ABSTRACT Interferometric synthetic aperture radar (InSAR), one of the most commonly used remote sensing methods for observing and monitoring land subsidence, has been applied in Hanoi, Vietnam in several studies with results showing deformation up to 2014. However, freely accessible Sentinel-1 InSAR data have not been investigated thoroughly to date. Here, we investigate the most recent land surface deformation in Hanoi for the period 20162020 using Sentinel-1A SAR data. The analysis is conducted on 114 SAR scenes with both the Persistent Scatterer InSAR (PSInSAR) and Small BAseline Subset (SBAS) methods.

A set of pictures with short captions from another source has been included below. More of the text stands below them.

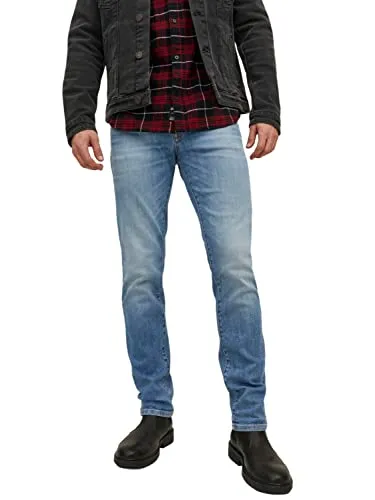 JACK & JONES JJITIM JJDAVIS Slim Fit Jeans - Jeans in Slim Fit mit geradem Bein, aus 75% Bio-Baumwolle für umweltbewusste Mode und hohen Tragekomfort.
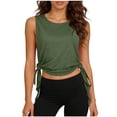 thumbnail image 2 of BiZtdJrK Débardeurs Tendance pour Femmes, Sans Manches, Col Rond, Légers, Amples, Sport, Vert Armée, Taille Unique, 2 of 9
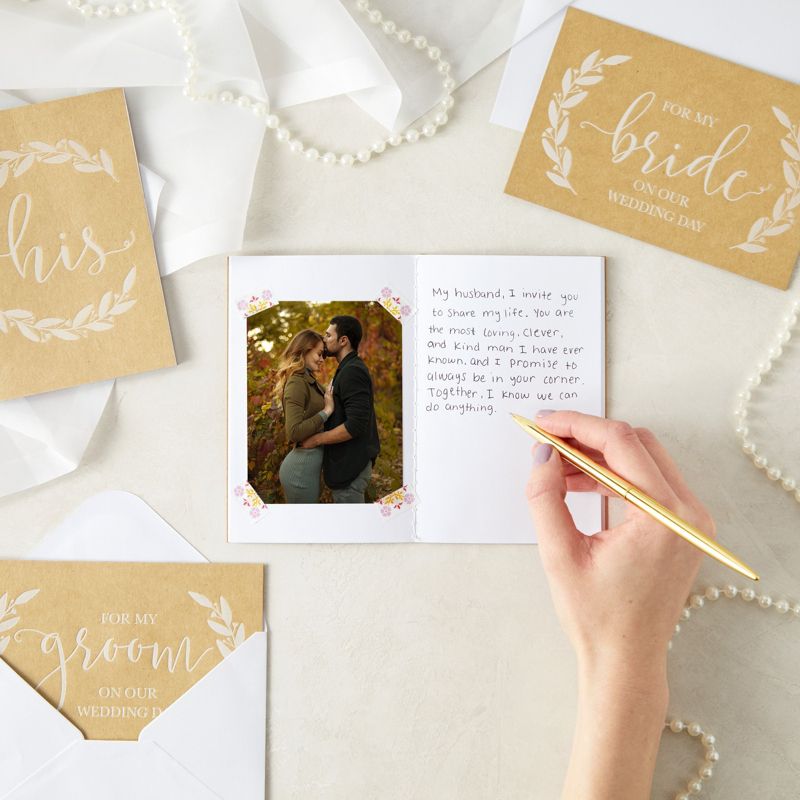 Pipilo Press 2 Pack Brown Kraft Wedding Vow Books for Him and Her with 2 Cards and Envelopes for Bride & Groom, 30 Pages, 2 of 9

The GPS-based deformation time series are used to verify InSAR results and borehole groundwater level measurements are employed to evaluate the relationship between groundwater depletion and surface subsidence. The results show that observed deformation from SBAS and PSInSAR is consistent in both spatial patterns and statistics, in which two high-rate subsiding bowls were detected in Dan Phuong/Hoai Duc and Ha Dong/Thanh Tri districts with the mean subsiding rates of ∼5 mm per year. GPS and InSAR deformation generally agree well except for the comparison at the JNAV station after 2017, which can be attributable to the local deformation detected by GPS and the average movement of a 100-m radius area captured by InSAR. An agreement in the drawdown trend between borehole groundwater and InSAR-derived deformation was found at four wells located within or in proximity to the two bowls. The declining rates of groundwater level at about 0.31 m per year were found at the two wells Q57a and Q58a located within the Dan Phuong/Hoai Duc bowl, corresponding to the surface subsidence rates found at 6–8 mm per year. The Q68a well was found to experience groundwater level declining at the highest rate of ∼0.9 m per year corresponding to the subsidence rate of ∼7 mm per year found by InSAR.